• [ACTIVITY] Write out each line below precisely, passing over the pictures.

• [GIVEN MATERIAL]
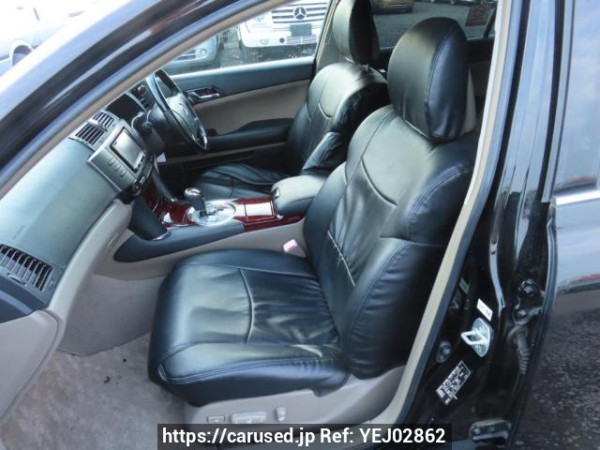Used 2007 AT toyota mark-x GRX120 Image[15]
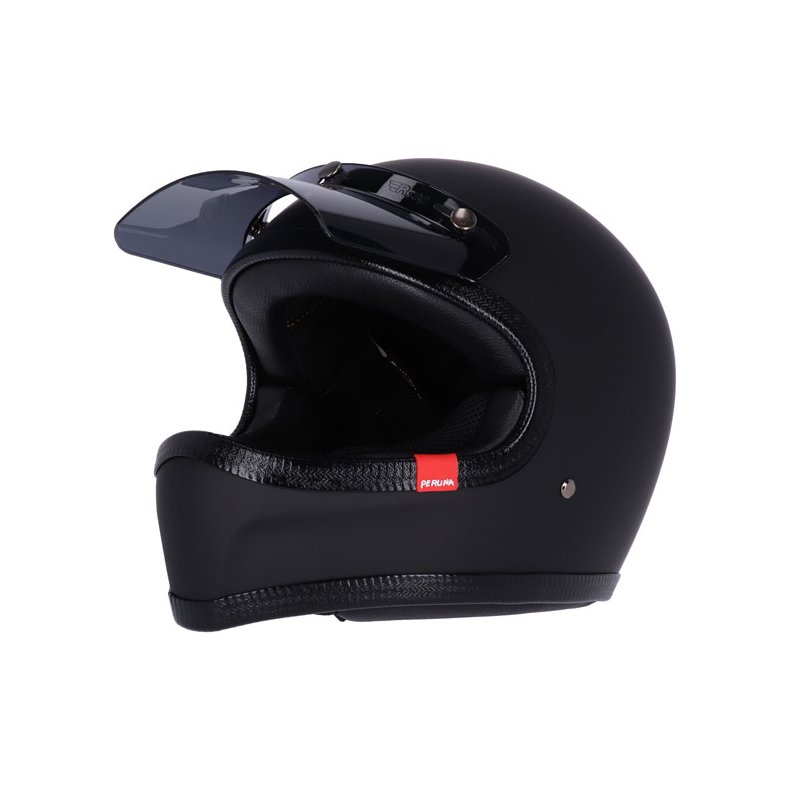  ROEG PERUNA HELMET, MAT BLACK
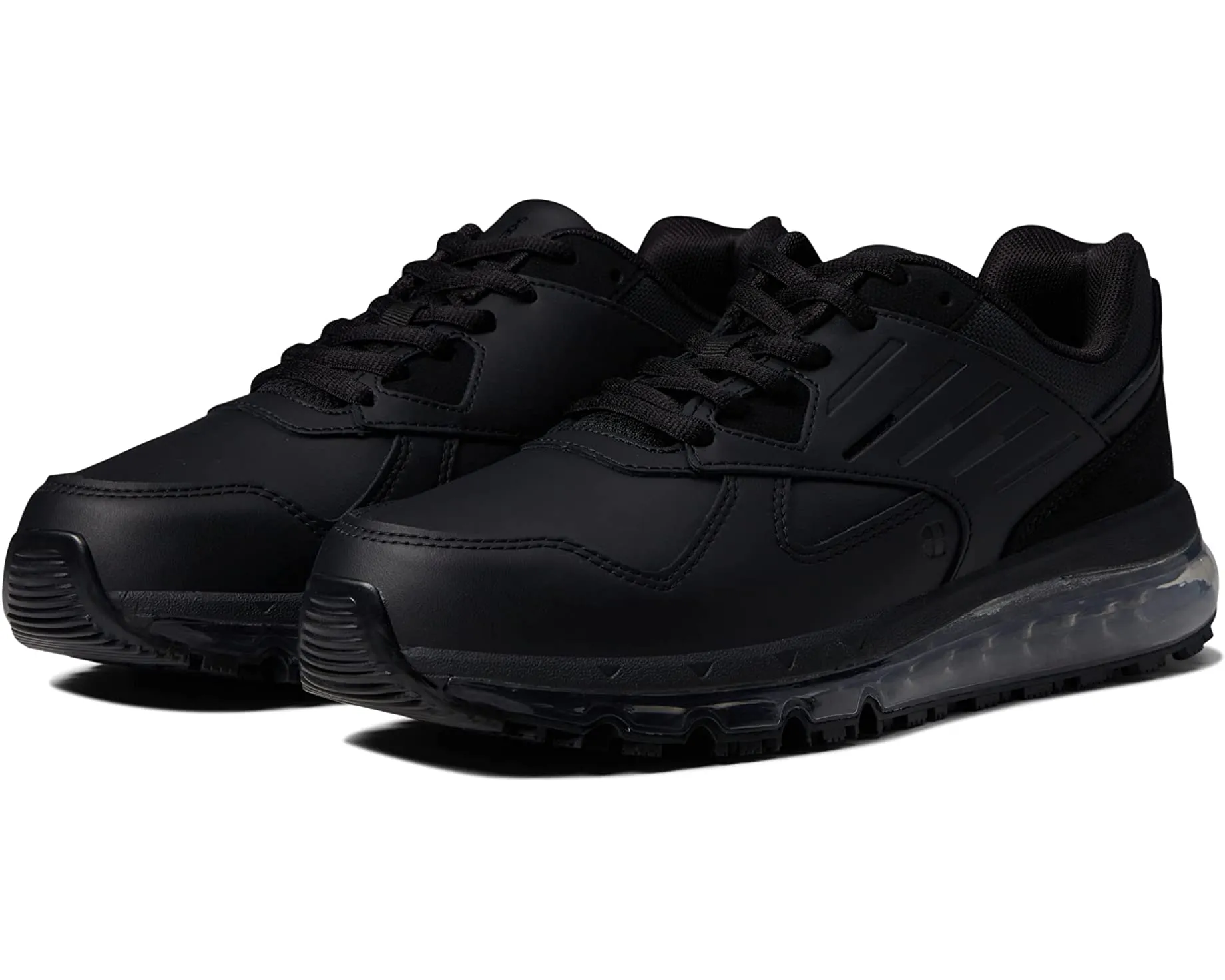 Geo Shoes for Crews sneakers, black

• [OUTPUT FOR THIS EXERCISE]
Used 2007 AT toyota mark-x GRX120 Image[15]
  ROEG PERUNA HELMET, MAT BLACK
 Geo Shoes for Crews sneakers, black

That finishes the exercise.